• _Your goal_:
When you reach the line containing "negozio in vendita a Ventimiglia", repeat that line and each one after it exactly until the records end, leaving out pictures.

§ §

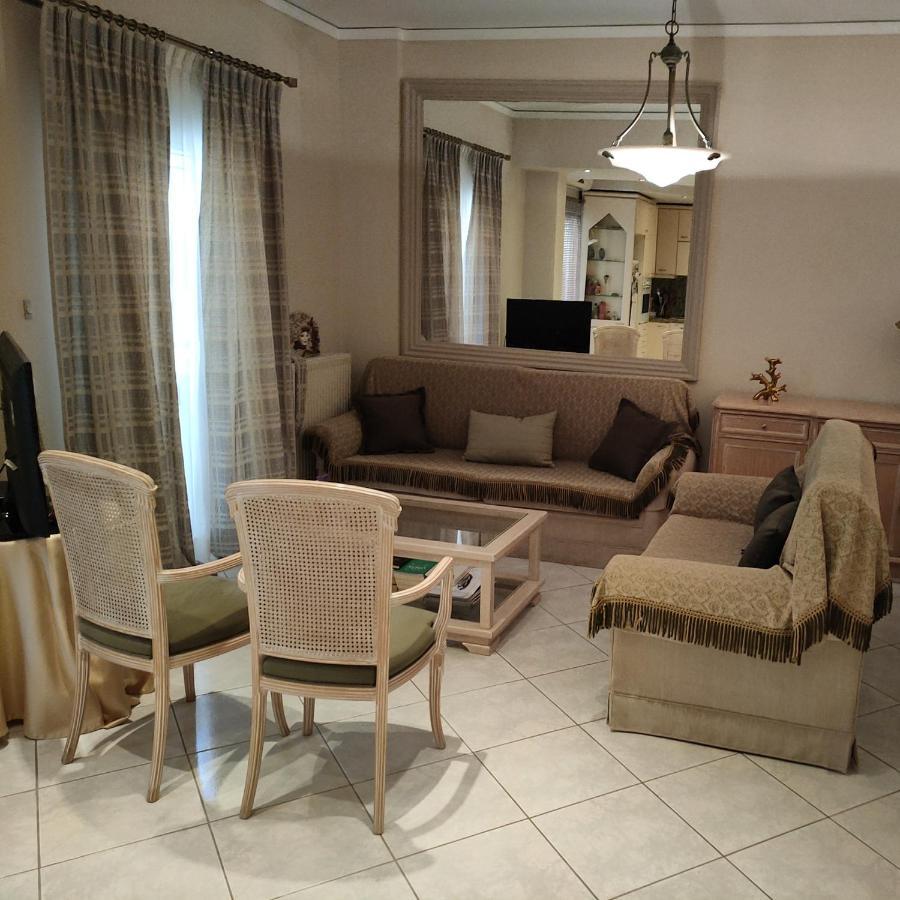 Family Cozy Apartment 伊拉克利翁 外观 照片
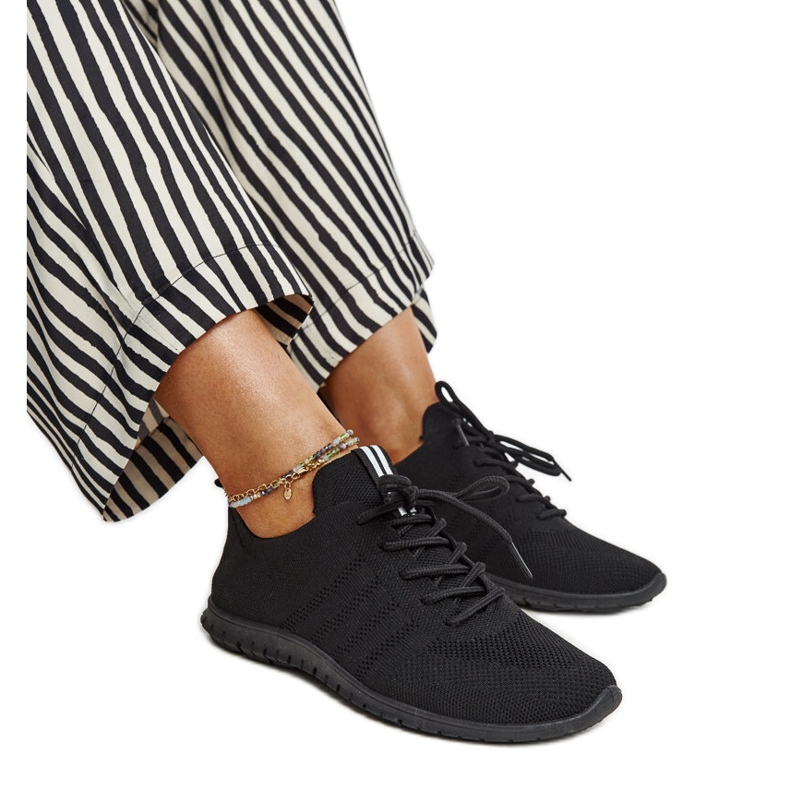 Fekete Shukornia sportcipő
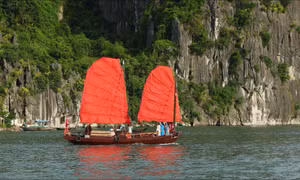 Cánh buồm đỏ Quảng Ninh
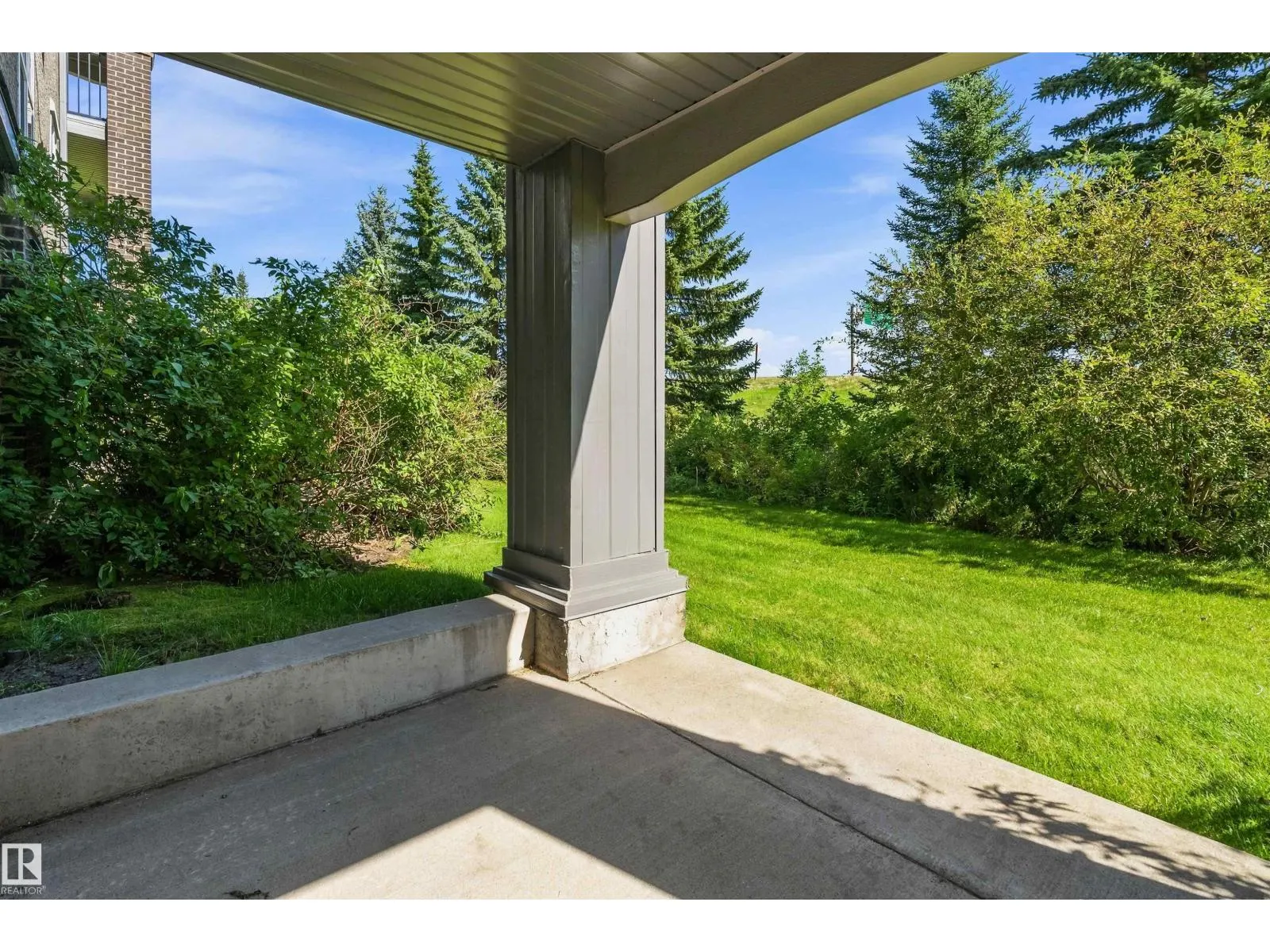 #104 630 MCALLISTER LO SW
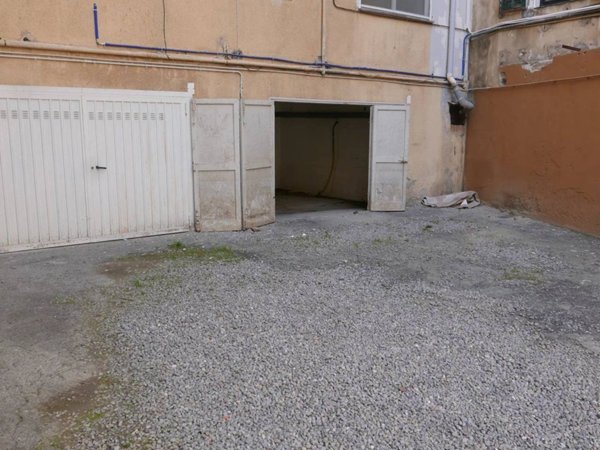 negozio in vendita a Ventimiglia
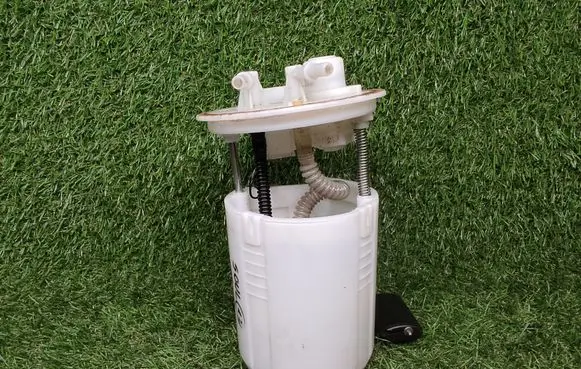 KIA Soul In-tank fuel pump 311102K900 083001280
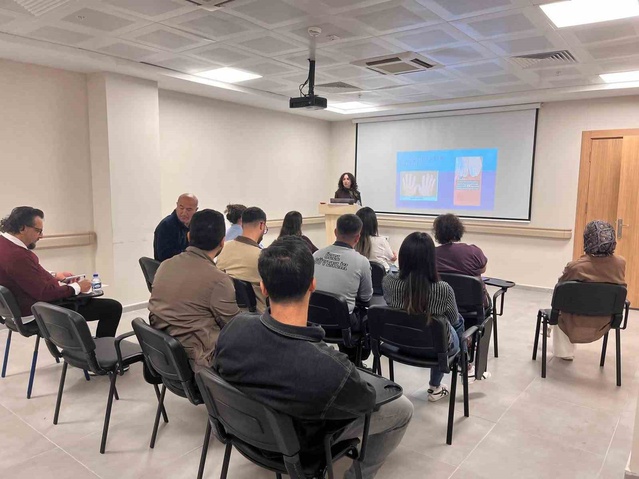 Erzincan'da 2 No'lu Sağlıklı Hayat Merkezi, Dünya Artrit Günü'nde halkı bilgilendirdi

§ §

• _Answer space_:
 negozio in vendita a Ventimiglia
 KIA Soul In-tank fuel pump 311102K900 083001280
 Erzincan'da 2 No'lu Sağlıklı Hayat Merkezi, Dünya Artrit Günü'nde halkı bilgilendirdi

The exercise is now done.